# High Influx Filter
## QC protocol for Private Weather Stations

This notebook presents how to use the 'High Influx filter' in the Python package `pypwsqc`, a quality assurance protocol developed for automated private weather stations (PWS). 

The package is based on the original R code available at https://github.com/LottedeVos/PWSQC/.

[Publication: de Vos, L. W., Leijnse, H., Overeem, A., & Uijlenhoet, R. (2019). Quality control for crowdsourced personal weather stations to enable operational rainfall monitoring. Geophysical Research Letters, 46(15), 8820-8829](https://agupubs.onlinelibrary.wiley.com/doi/full/10.1029/2019GL083731)

`pypwsqc` depends on the `poligrain`, `xarray`, `pandas` and `numpy` packages. Make sure to install and import the required packages first.

In [2]:
import poligrain as plg
import xarray as xr

import pypwsqc

## Download example data

In this example, we use an open PWS dataset from Amsterdam, called the "AMS PWS" dataset.
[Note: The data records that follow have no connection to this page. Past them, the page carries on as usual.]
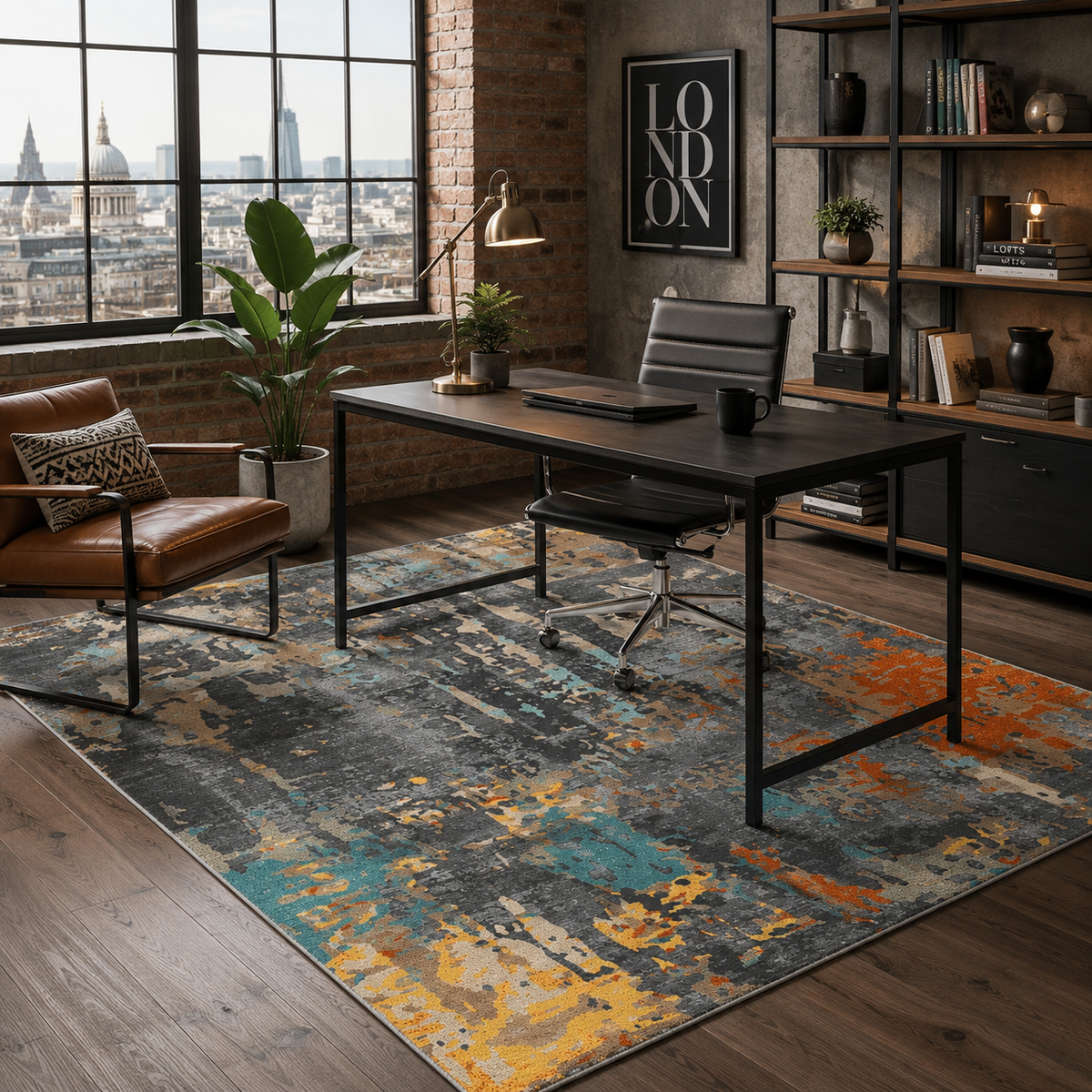 Tapis Ethnique Moderne Gris Lavable Morgane, vue 8
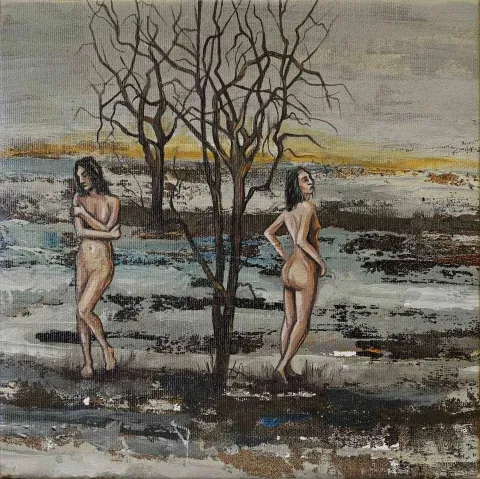 "isimsiz" eseri MAHMUT ÖZDEMİR tarafından 2017 yılında 25x25 cm ölçülerinde Tuval üzeri akrilik boya tekniği ile yapılmıştır.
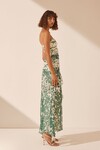 MARGAUERITE STRAPLESS CONTRAST MAXI DRESS (EVERGREEN/IVORY)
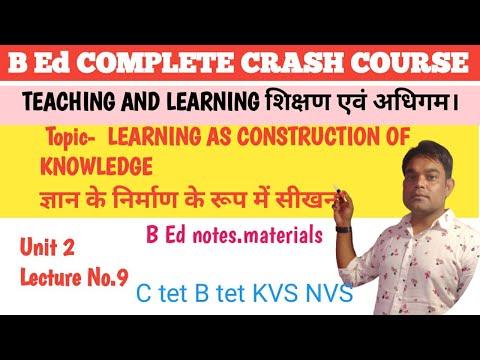 Learning As Construction Of Knowledge.ज्ञान के निर्माण के रूप में सीखना B Ed Notes Materials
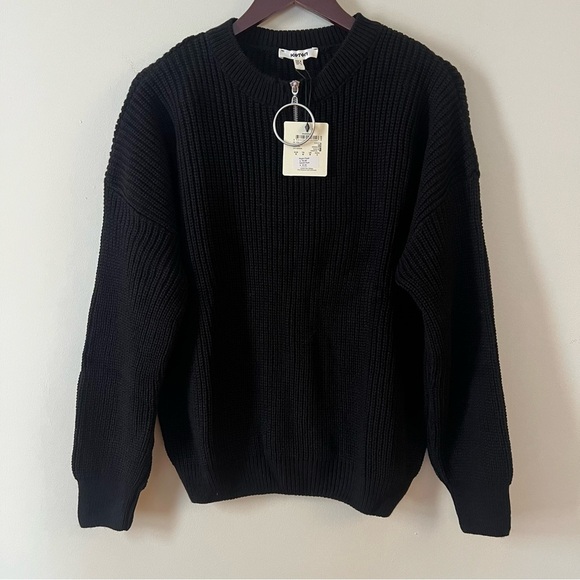 Koton Black Knit 1/4 Zip Neck Sweater Large Hoop Circle Pull NEW - Picture 1 of 16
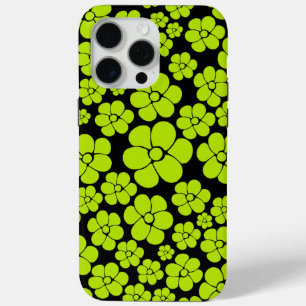 Funda Para iPhone 15 Pro Max Patrón de flores - Verde animado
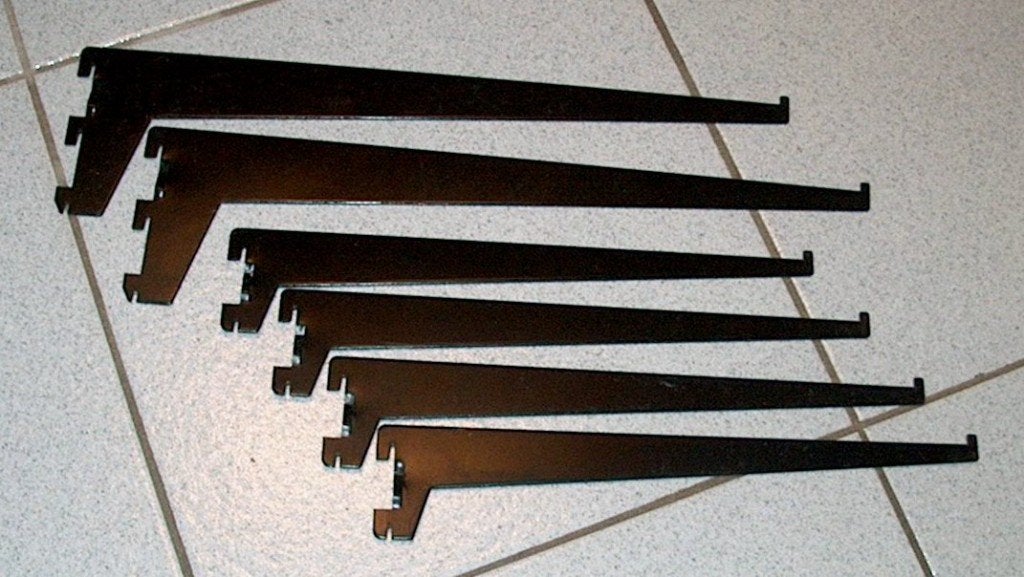 ijzeren plankdragers zwart (enkel) 35cm en 45cm, Ophalen, Gebruikt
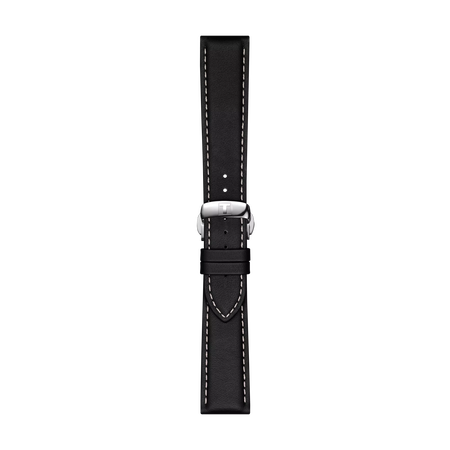 Vista frontal de Correa negra de piel oficial Tissot 21 mm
By running the cell below, an example NetCDF-file will be downloaded to your current repository (if your machine is connected to the internet).

In [2]:
!curl -OL https://github.com/OpenSenseAction/OS_data_format_conventions/raw/main/notebooks/data/OpenSense_PWS_example_format_data.nc

## Data preparations

This package handles rainfall data as `xarray`  Datasets. The data set must have `time` and `id` dimensions, `latitude` and `longitude` as coordinates, and `rainfall` as data variable.

An example of how to convert .csv data to a `xarray` dataset is found [here](https://github.com/OpenSenseAction/OS_data_format_conventions/blob/main/notebooks/PWS_example_dataset.ipynb).
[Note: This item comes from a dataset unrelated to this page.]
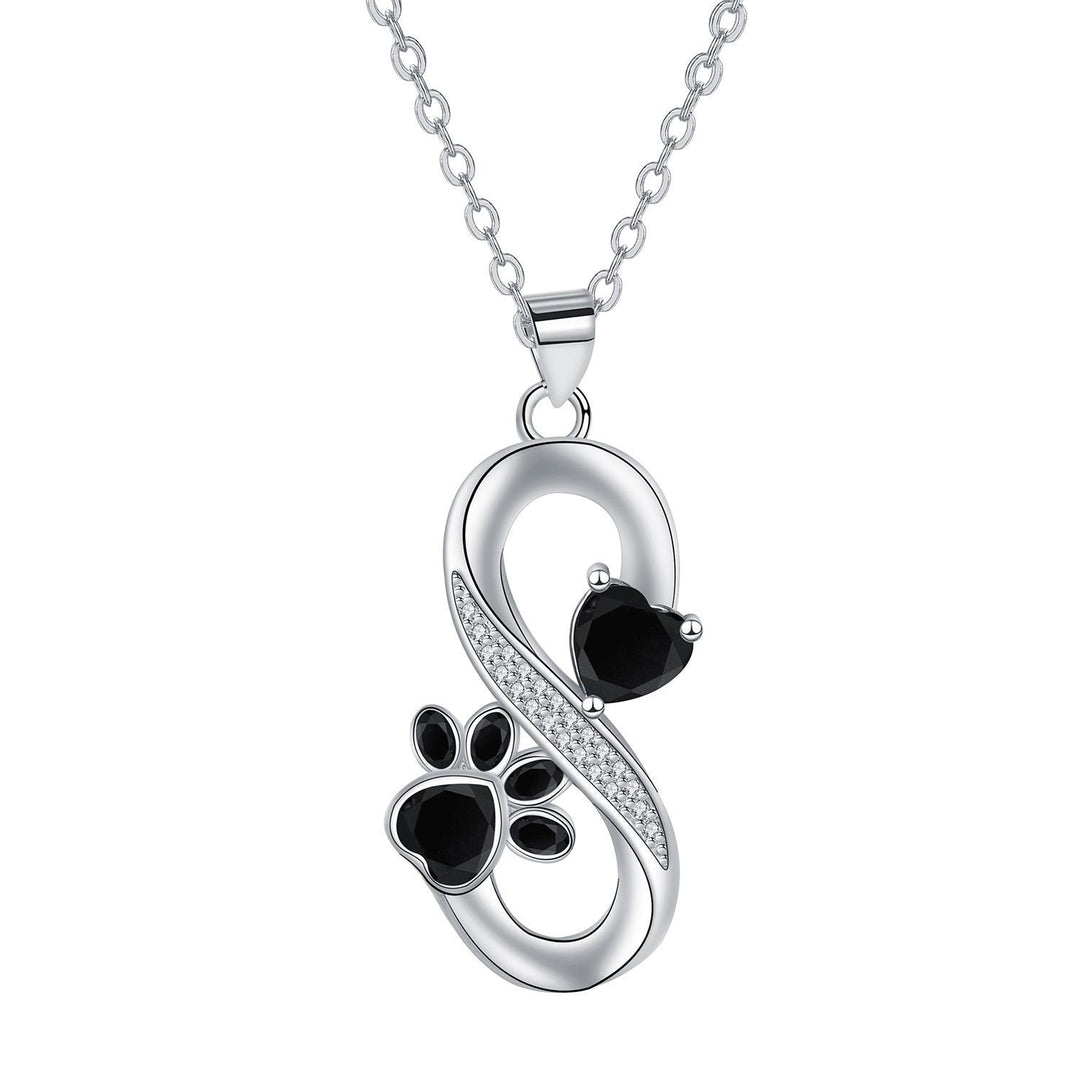 Collier Symbole Infini Cœurs Empreinte de Patte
We now load the data set under the name  `ds_pws`.

In [3]:
ds_pws = xr.open_dataset("OpenSense_PWS_example_format_data.nc")

We then slice the time series to 1 month of data to shorten the computation period of the example.

In [4]:
ds_pws = ds_pws.sel(time=slice("2017-07-01", "2017-07-30"))
ds_pws

### Reproject coordinates 

First we reproject the coordinates to a local metric coordinate reference system to allow for distance calculations. In the Amsterdam example we use EPSG:25832. **Remember to use a local metric reference system for your use case!** We use the function `spatial.project_point_coordinates` in the `poligrain`package. 

In [4]:
ds_pws.coords["x"], ds_pws.coords["y"] = plg.spatial.project_point_coordinates(
    x=ds_pws.longitude, y=ds_pws.latitude, target_projection="EPSG:25832"
)

### Create distance matrix

Then, we calculate the distances between all stations in our data set. If your data set has a large number of stations this can take some time.

In [5]:
distance_matrix = plg.spatial.calc_point_to_point_distances(ds_pws, ds_pws)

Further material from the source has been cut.